Kubuntu 7.10 Japanese environment disappointment

Just installed Kubuntu 7.10 on a 16GB Corsair I bought. A few problems came up in the boot after install, notably although I'd got it to manually install GRUB on my /dev/sdb drive (which GRUB c confusingly calls hd1), when Kubuntu booted it could not find the partition mapped as the root (hd1,0).. this it turns out is because the numbering changes depending on what was booted.. and as I selected USB boot from BIOS menu.. my /dev/sdb translated into being hd0. I change the root line in GRUB's edit mode to be hd(0,1) and it successfully booted though!
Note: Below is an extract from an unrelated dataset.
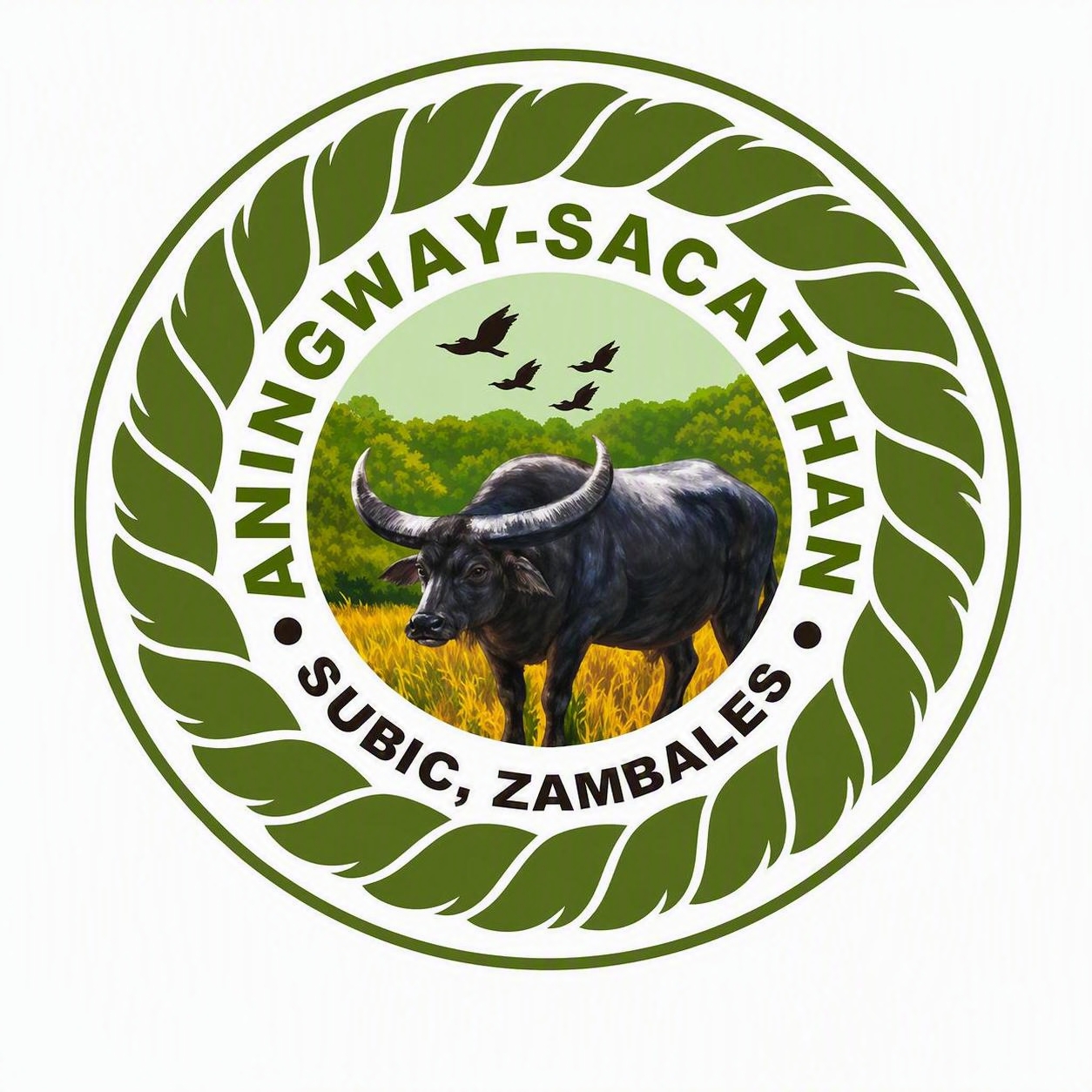 FCPSHAI logo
When I logged in, I noticed that although I had done a Japanese install (completely translated as Japanese during the install etc too), KDE was still in US English, and Japanese input did not even work! (Shift+Space is the usual combo to change into Japanese input). Alas, I've not figured out what is wrong with the install, and when I tried to get help online with Konversation that actually crashed:

#6 0xb71f09a3 in QGArray::duplicate () from /usr/lib/libqt-mt.so.3
#7 0xb6e28a33 in QMemArray::duplicate () from /usr/lib/libqt-mt.so.3
#8 0xb6e28a70 in QCString::operator= () from /usr/lib/libqt-mt.so.3
#9 0xb72070ea in QLocalePrivate::systemLocaleName ()
from /usr/lib/libqt-mt.so.3
#10 0xb72071a2 in QLocale::system () from /usr/lib/libqt-mt.so.3

the rest of the back-trace was missing.. as Ubuntu still doesn't ship or automatically download symbols when it gets crashes..

Performance is a bit sluggish off this USBstick unfortunately, so I'm going to give try a differnet approach of just having the /boot on the USB stick, and then use an external drive for /, /home and swap!!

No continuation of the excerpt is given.